How to actually use the fine tuned model?

google-research / bert

TensorFlow code and pre-trained models for BERT

https://arxiv.org/abs/1810.04805

Apache License 2.0

37.87k stars 9.56k forks source link

How to actually use the fine tuned model? #339

Open CapitalZe opened 5 years ago

CapitalZe commented 5 years ago

I have successfully fine tuned BERT for NER with RCV1 dataset, after modifying run_classifier.py and some other script.

The results are satisfactory for the time being.

Anyway, I am fairly new to all of this and am completely stumped as to how I use the now fine-tuned and trained model I have.
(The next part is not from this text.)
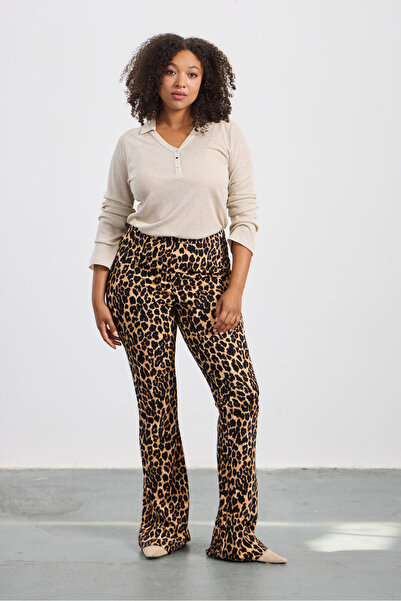 LUOKK Roar Leopar Ispanyol Paça Büyük Beden Pantolon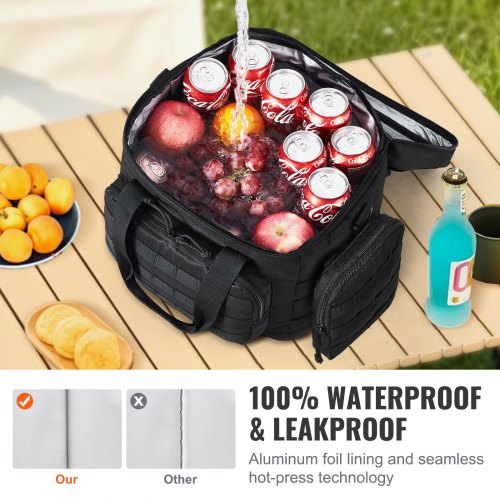 VEVOR 20L Insulated Cooler Bag Lunch Box with Molle Design Multi-Pocket - Black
How would I feed in text for the BiLTSM to predict next sentence for NER? Would it require a modification of run_squad.py? I can not find anything and any pointers or guides would be extremely helpful and highly appreciated.

Many thanks!

pfecht commented 5 years ago

BERT, as the name suggests, is encoder-only. The model's output can't be finetuned with a simple linear layer. Even though BERT itself is trained with a next word prediction task, it is not made for language modeling tasks out of the box and there are, as far as I know, no implementation or descriptions available to address this problem. Please correct me if I'm wrong.

It also doesn't seem very intuitive to use an RNN decoder with a Transformer encoder model. It may be worth trying to build some kind of own encoder-decoder attention layer. However, I'd be grateful for any input as well.

hanxiao commented 5 years ago

You can also use bert-as-service to extract features using a fine-tuned model, see https://github.com/hanxiao/bert-as-service/#serving-a-fine-tuned-bert-model

CapitalZe commented 5 years ago

Thanks! I will look into this now, seems like a great resource and what I was looking for.

macanv commented 5 years ago

you can add crf output layer for sequence labeling using bert last output embedding. https://github.com/macanv/BERT-BiLSTM-CRF-NER something wrong please tell me.

davidswelt commented 5 years ago

Is there some example source code that demonstrates how to use tf.data.Dataset to pipe data into a BERT language model?

JimAva commented 5 years ago

What is the best solution to use a fine-tuned model in production and return predictions? Bert-as-service only provides the sentence encoding but does not allow for returning predictions, unless I missed that part.